___ Records provided ___

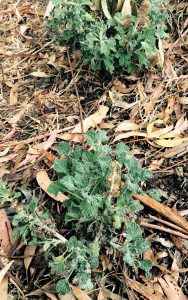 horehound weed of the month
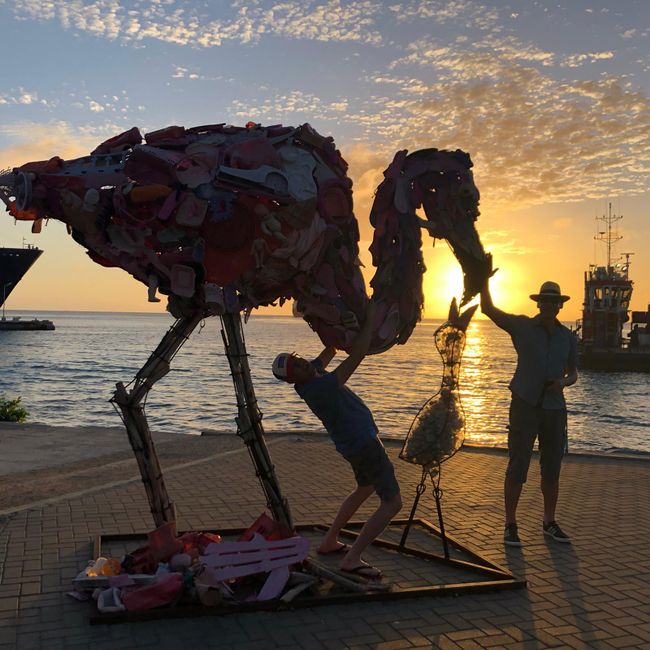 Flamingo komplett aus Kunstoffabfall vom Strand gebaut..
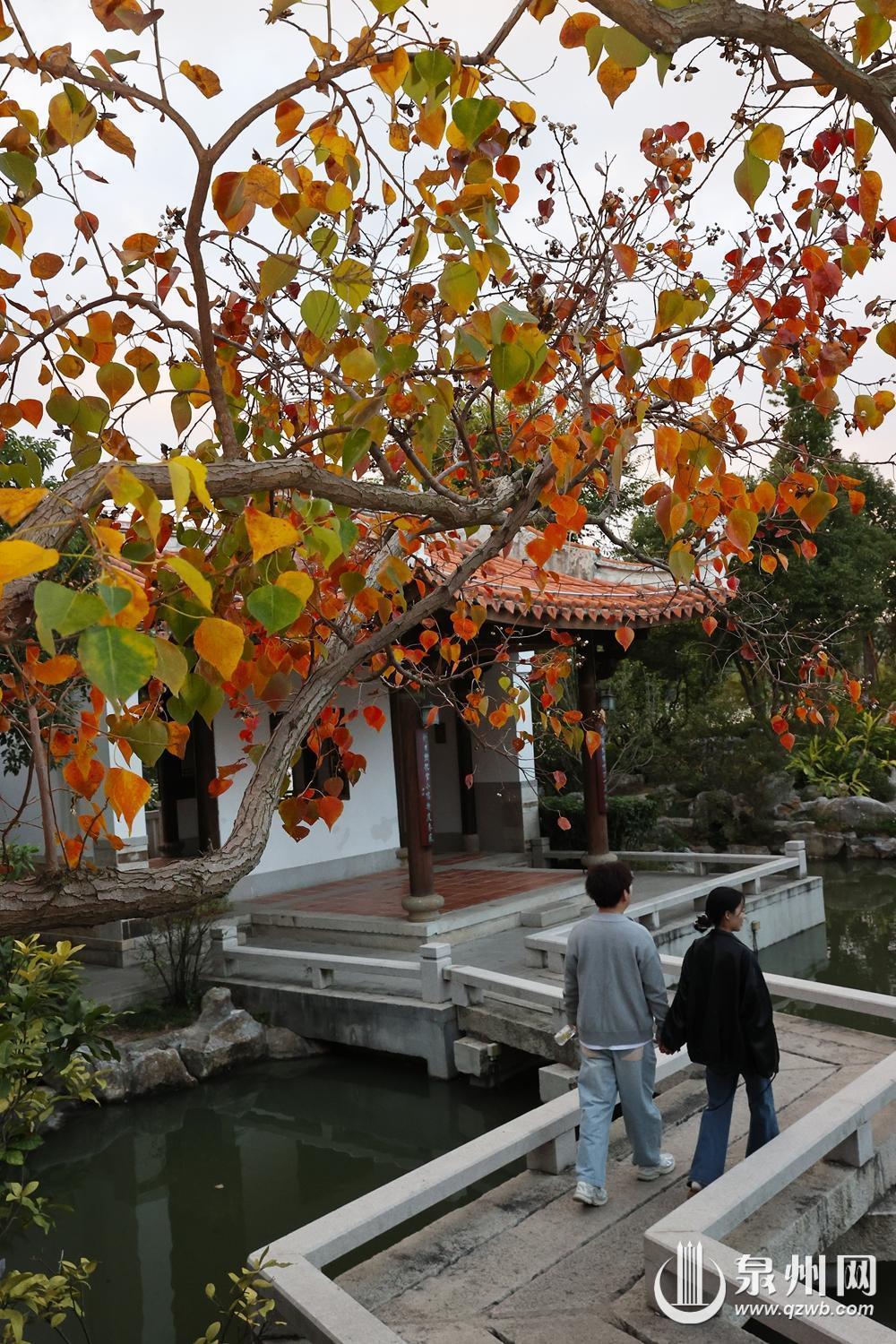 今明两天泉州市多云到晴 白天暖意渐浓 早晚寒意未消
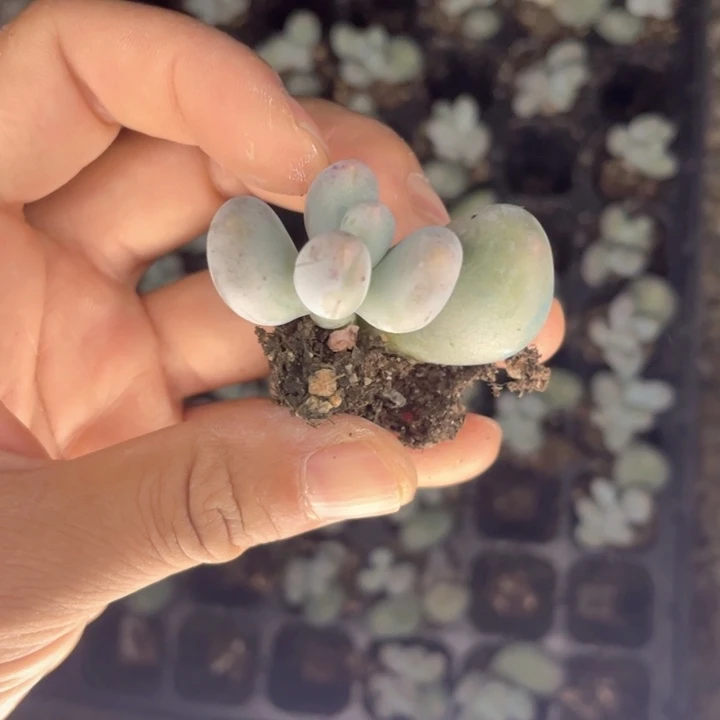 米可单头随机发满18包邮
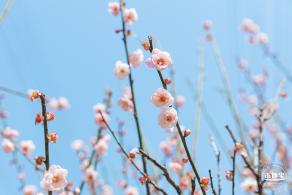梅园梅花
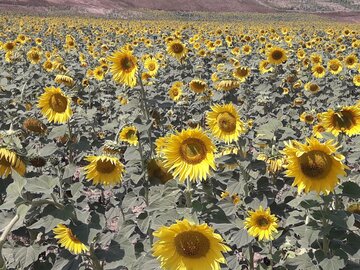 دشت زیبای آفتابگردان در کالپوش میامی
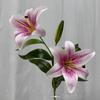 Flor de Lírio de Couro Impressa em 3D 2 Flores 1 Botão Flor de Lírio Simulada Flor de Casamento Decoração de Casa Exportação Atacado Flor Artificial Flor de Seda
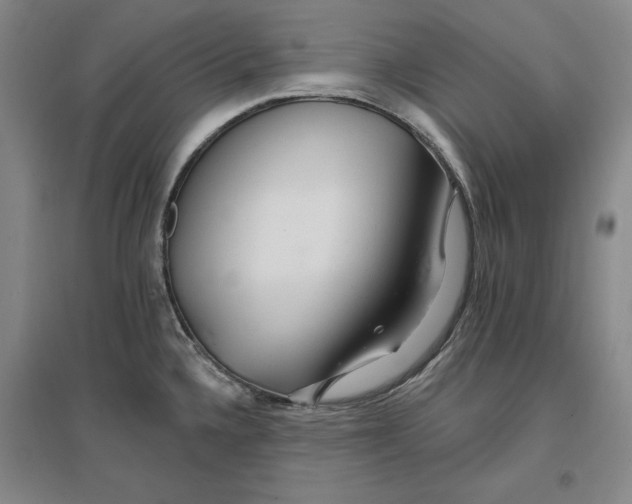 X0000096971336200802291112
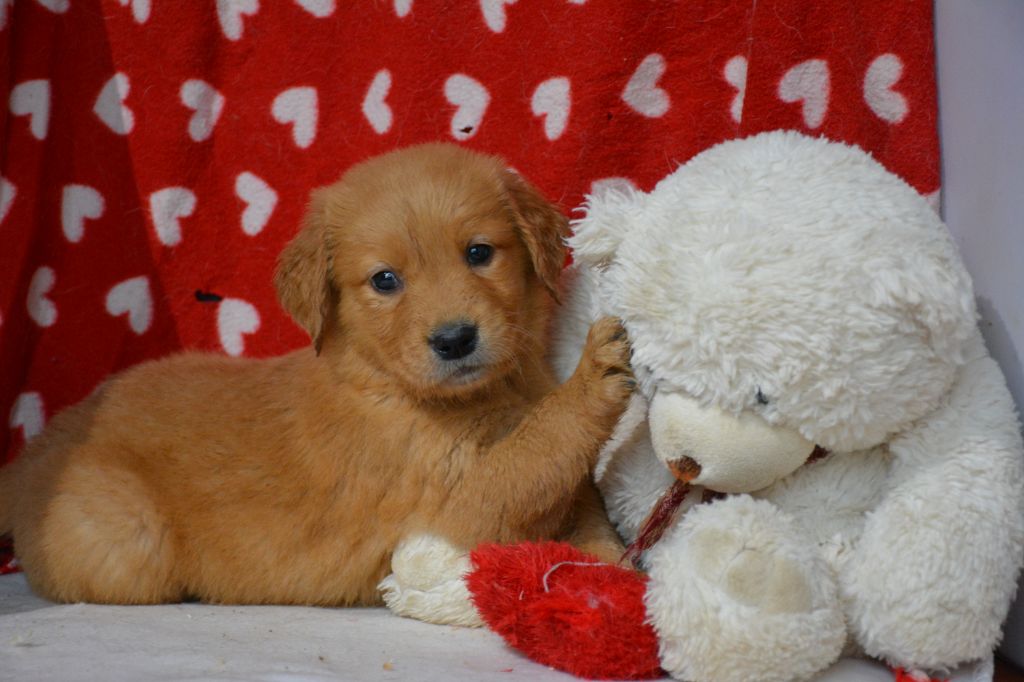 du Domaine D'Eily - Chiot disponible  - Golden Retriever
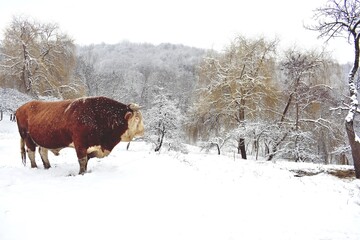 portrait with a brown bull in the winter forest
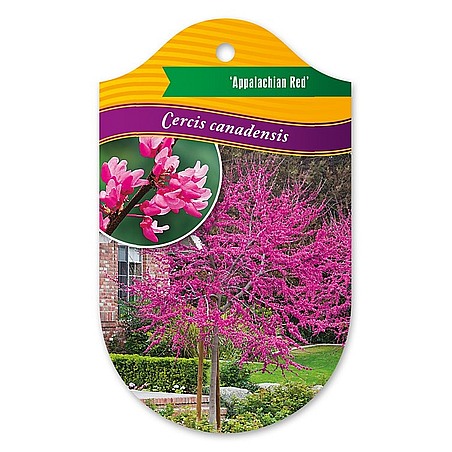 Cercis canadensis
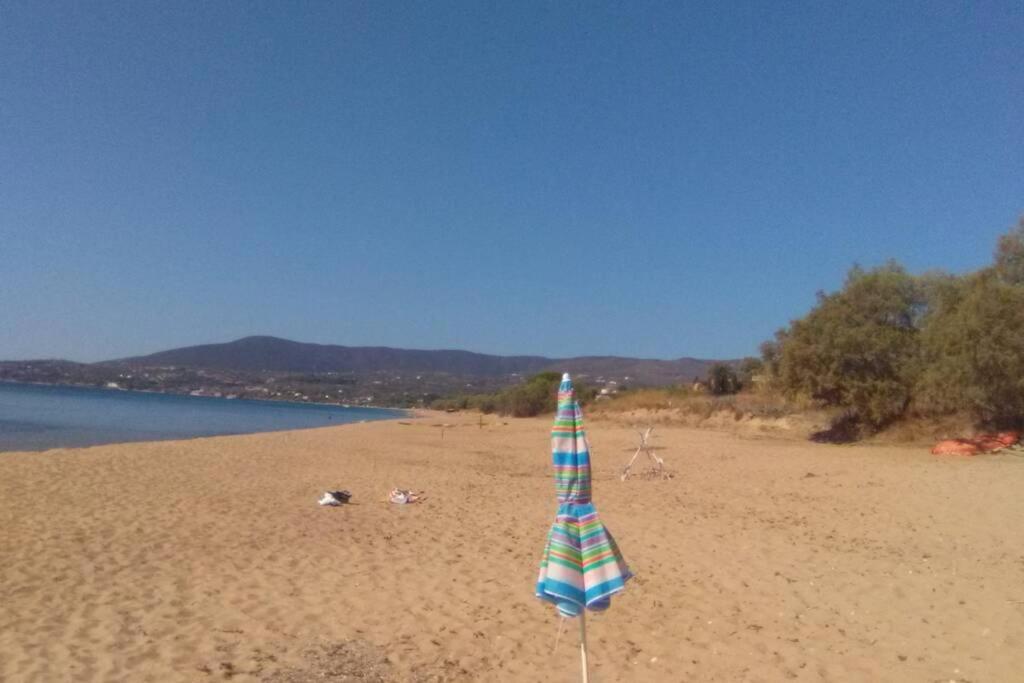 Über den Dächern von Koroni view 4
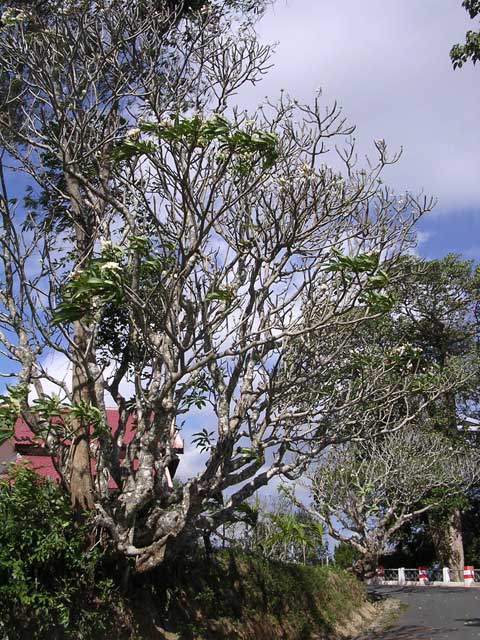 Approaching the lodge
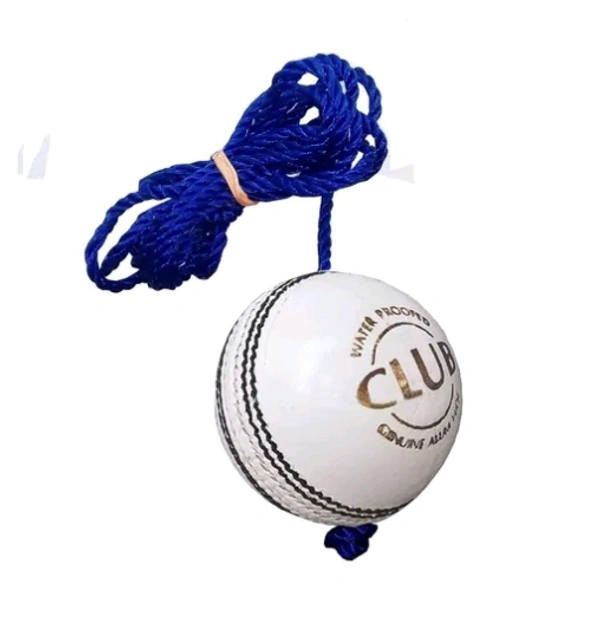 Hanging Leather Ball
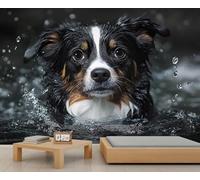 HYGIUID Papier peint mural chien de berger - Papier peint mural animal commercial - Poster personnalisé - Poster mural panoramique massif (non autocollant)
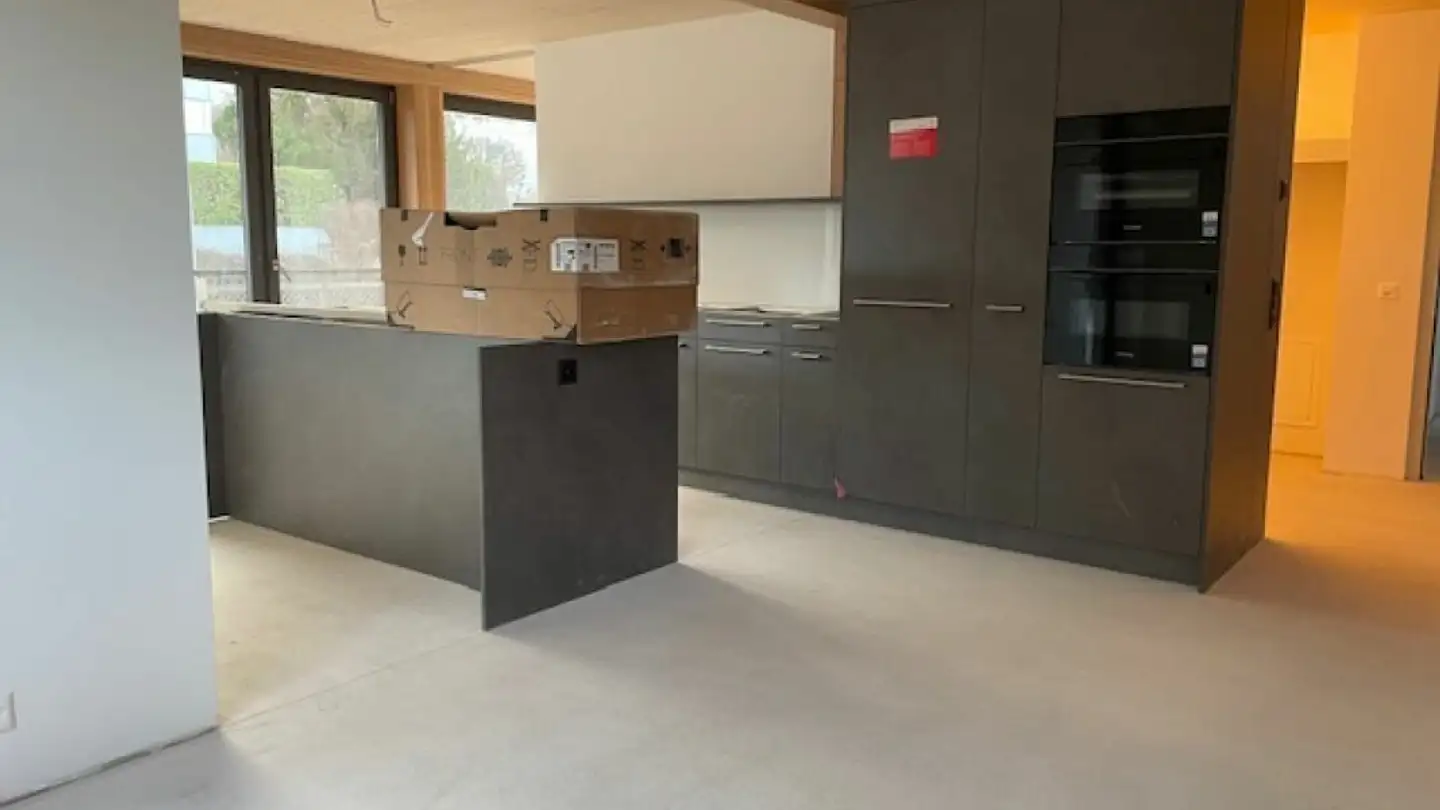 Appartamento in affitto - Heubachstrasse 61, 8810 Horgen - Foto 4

___

* To do
Only the lines from the line with "Approaching the lodge" to the bottom of the material above should be reproduced, exactly and without pictures.

* Response to this task
 Approaching the lodge
 Hanging Leather Ball
 HYGIUID Papier peint mural chien de berger - Papier peint mural animal commercial - Poster personnalisé - Poster mural panoramique massif (non autocollant)
 Appartamento in affitto - Heubachstrasse 61, 8810 Horgen - Foto 4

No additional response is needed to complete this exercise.